La situazione che si prospetta attualmente è la seguente; per gli immobili ubicati nelle “Regioni non legiferanti”, si deve allegare ai contratti il nuovo Ape (con la suddetta difficoltà proveniente dalla scarsa o nulla confidenza che si ha con questa nuova modulistica e dalla normativa che la disciplina e dal fatto che non ancora sono diffusi i software che si occupano di produrla); a meno che si disponga di un Ace rilasciato anteriormente al 6 giugno 2013 e che sia ancora in corso di validità.

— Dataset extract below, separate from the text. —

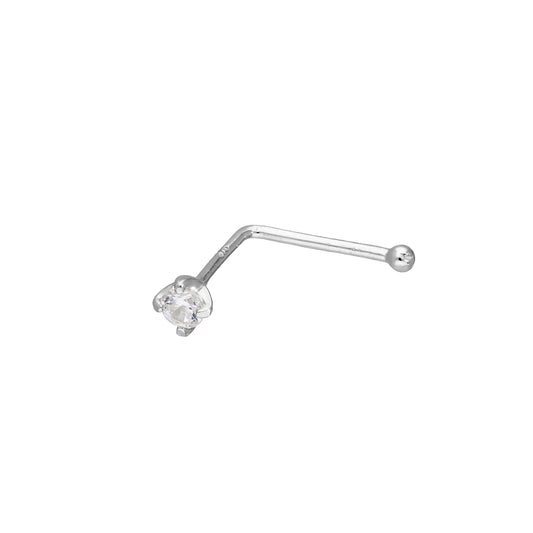 Piercing de nez en or blanc 9 carats et cristal CZ transparent de 2 mm, calibre 22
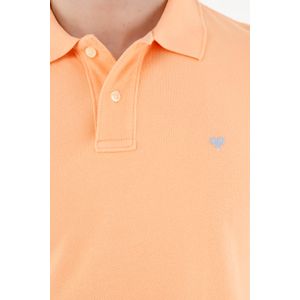 Polo naranja con raqueta multicolor para hombre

Per quanto riguarda gli immobili posti nelle “Regioni legiferanti“, che però non abbiano adeguato la loro legislazione alla direttiva 31/2010 (come sembra essere la Lombardia), ci si deve comportare con le medesime modalità sopra descritte al punto a), ma con l’ulteriore ostacolo che tutto il sistema della certificazione energetica è stato da anni incardinato sull’Ace “regionale” e che dunque non sembra esserci nessuno pronto, al momento, a rilasciare Ape secondo il dl 63/2013, come convertito in legge.
Per gli immobili ubicati nelle “Regioni legiferanti” che abbiano adeguato la loro normativa alla direttiva 31/2010, dovrebbe essere il caso dell’Emilia Romagna, non ci sono problemi particolari; l’Ace o l’Ape si produce come si è sempre fatto e le uniche novità sono la nullità per il caso di mancata allegazione e il fatto che la norma statale che impone l’allegazione travolge, nei casi in cui l’allegazione è disposta, tutte le eventuali normative locali di esonero dall’allegazione in casi particolari.